The sky was low, and all day a breeze warmed Tomkins’ face, making him open his coat and stretch into the sun. He stayed out almost an hour after the last of the two sleds went back up the hill, stamping logs with Estabrook’s stamp.

There was a smell of tin in the air, prevalent close to the night, and the dreary sound of the wind against his parka, like snow scattering on tarpaper. It was at about four when the wind started to turn a little cold. Tomkins hid the peavey with the wrong stamp, picked up the other one, and started toward the camp.

He was hungry and lonely and heading toward home along the skid road.

The sky had darkened and Tomkins was miles from anywhere, in a sad empty space unknown by ninety-nine percent of humanity. The cold now seeped through his jacket lining, where he kept the rest of his money.

He had been going to pick up a ride with the last two sled, but the two sled roared by in a whiff of winter horse and a clot of snow while he was doing his business in the woods. He had run out to call them but had tripped—and the old horses were gone. There would be another two sled along—Curtis’s—but not for two or three hours—well after dark Curtis would make his way back, with a lantern light up near his horses fore shoulders, dangling on a peculiar makeshift rod. It was a way to tell Curtis from all the others. But Tomkins, looking behind him into the desolate emptying of the day, saw nothing. He worried about panthers. For they were still here, in these great lost woods.

His boots were soaking, his fingers raw.

He turned and began to walk on boots almost frozen toward the camp miles away.

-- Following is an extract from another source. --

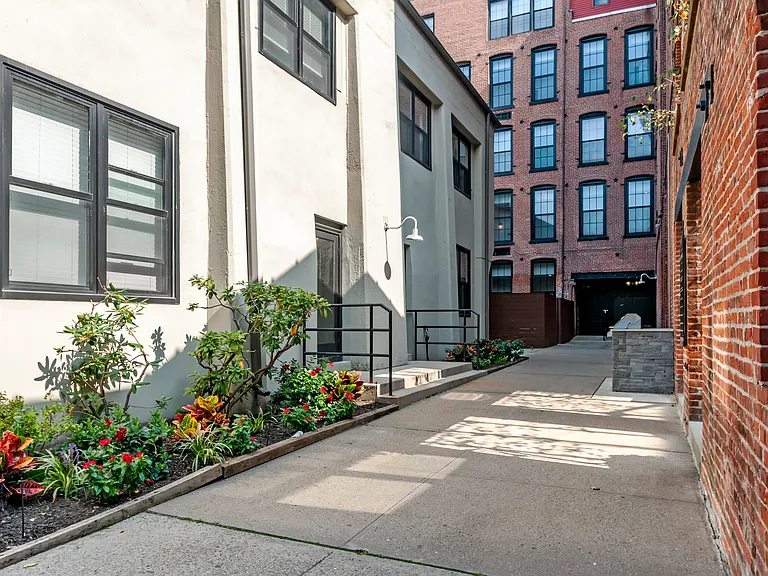 Grand Adams Hoboken — Photo 11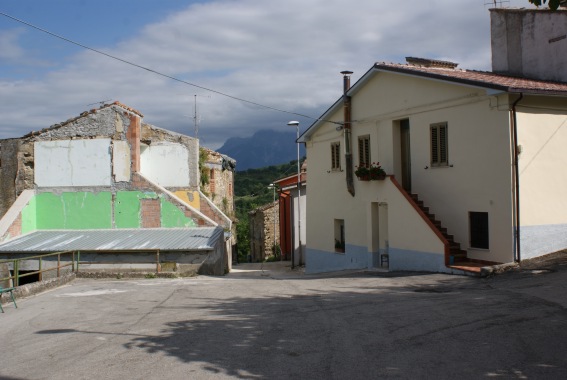 Pastino: la piazzetta con la fonte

He zippered his coat as tight as he could and pulled his hat down tighter upon his bald head.

He remembered all the stings against him, many given by his father, and tried his best to forget them. That is why Stretch always made fun of others whom he deemed inadequate, because his father had made so much fun of him. That is why he called them little men and pipsqueaks, for he himself felt so little in his soul.

As he walked along the brook road, he realized he had never been in the dark before without someone to show him the way.

After a while worry crowded his senses and he began to think he was no longer on the path. He might be in the middle of the field of Jack pine, going in the other direction. If that was the case he might stumble over the second cliff that ran down from Good Friday into the back of Arron Brook. He would be lost in the maze of Jack pine in a second.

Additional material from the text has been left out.